- Todd Gordon of TradingAnalysis.com sees downside brewing for financials.
- Gordon said financials have been "retesting old lows."
- Citigroup is expected to move 3 percent in either direction on Thursday's earnings report.
A big week is ahead for the financials sector as a handful of big banks get ready to report earnings, but Todd Gordon of TradingAnalysis.com sees downside brewing in the charts for the group.
Financials initially began the year as one of the best-performing sectors, but the sector has since slumped almost 7 percent.
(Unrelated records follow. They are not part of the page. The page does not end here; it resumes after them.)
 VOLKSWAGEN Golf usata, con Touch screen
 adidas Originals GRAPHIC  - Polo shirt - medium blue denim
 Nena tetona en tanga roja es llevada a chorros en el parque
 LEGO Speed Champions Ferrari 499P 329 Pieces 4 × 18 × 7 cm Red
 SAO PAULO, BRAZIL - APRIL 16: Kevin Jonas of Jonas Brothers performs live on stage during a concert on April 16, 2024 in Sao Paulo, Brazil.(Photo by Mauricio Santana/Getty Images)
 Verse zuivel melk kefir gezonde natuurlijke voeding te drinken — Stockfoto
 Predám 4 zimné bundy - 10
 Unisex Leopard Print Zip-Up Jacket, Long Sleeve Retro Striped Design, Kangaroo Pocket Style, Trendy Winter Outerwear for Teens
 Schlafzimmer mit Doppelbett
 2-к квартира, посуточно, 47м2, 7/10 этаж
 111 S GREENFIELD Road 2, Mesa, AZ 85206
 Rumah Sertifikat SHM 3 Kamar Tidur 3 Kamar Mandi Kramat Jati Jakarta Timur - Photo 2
Citigroup, Wells Fargo and JPMorgan are all slated to report earnings on Thursday, and from a technical standpoint, Gordon believes investors should still bet against the banks.
"I think some technical damage is done to these financials and we might want to explore some additional downside," he said Monday on CNBC's "Trading Nation."
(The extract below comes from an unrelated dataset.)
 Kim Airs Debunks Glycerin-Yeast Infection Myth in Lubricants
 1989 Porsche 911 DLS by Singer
Looking at a chart of XLF, the ETF that tracks financials, Gordon not only sees a "good little downtrend" that has been in place since the year-to-date highs in March, but he also says that financials have been "retesting old lows." An example Gordon brings up is Wells Fargo, hovering near the $55 level that it last hit back in January.
With financials near their lows, Gordon is concerned that what's happening in the bond market could send the group even lower. A chart of the long-term bond-tracking ETF, TLT, shows that TLT has repeatedly hit the $122 level since December. Gordon sees this $122 as being especially important as it signals that TLT is "threatening to break." If a breakout above $122 in TLT were to occur, bond yields would fall, which could put even more pressure on bank stocks.
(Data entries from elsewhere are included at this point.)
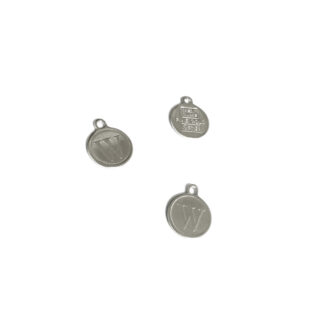 Silvery metal flat round letter W pendant - diametre 10 mm - 4 pieces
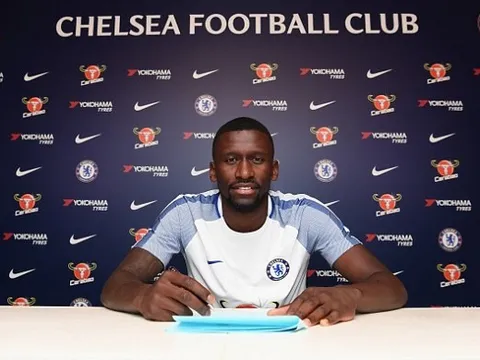 Tân binh 'xịn' Antonio Rudiger rạng rỡ ra mắt Chelsea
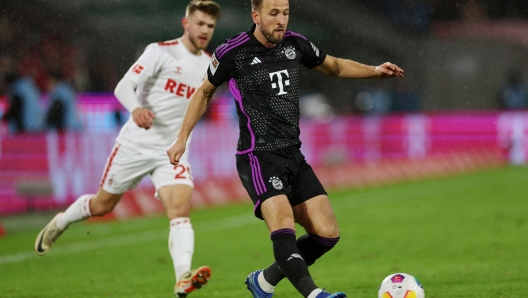 COLOGNE, GERMANY - NOVEMBER 24: Harry Kane of Bayern Munich controls the ball whilst under pressure from Jan Thielmann of 1.FC Köln during the Bundesliga match between 1. FC Köln and FC Bayern München at RheinEnergieStadion on November 24, 2023 in Cologne, Germany. (Photo by Dean Mouhtaropoulos/Getty Images)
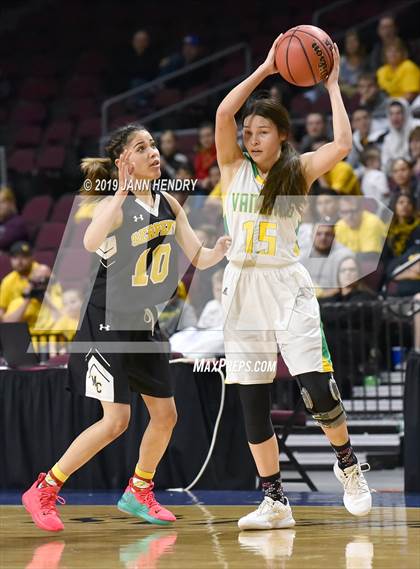Thumbnail 1 in Eureka vs. Mineral County (NIAA 1A Final) photogallery.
To profit from an XLF drop, Gordon wants to sell the April 13 weekly 23-strike calls and buy the April 13 weekly 24-strike calls. Gordon is selling the call spread for a 62 cents credit, or a credit of $62 per options spread. The $62 would be Gordon's maximum reward on the trade should XLF close below $23 when the trade expires on Thursday.
But should XLF close above $24 on Thursday's expiration date, a move up of about 2 percent, Gordon would lose $38. "I'm not going to put a stop on this; I'm fully comfortable taking the $38 of risk, so I'm going to carry this right through earnings," said Gordon.
Citigroup is expected to move 3 percent in either direction on Thursday's earnings report while JPMorgan and Wells Fargo have implied moves of over 2 percent on earnings.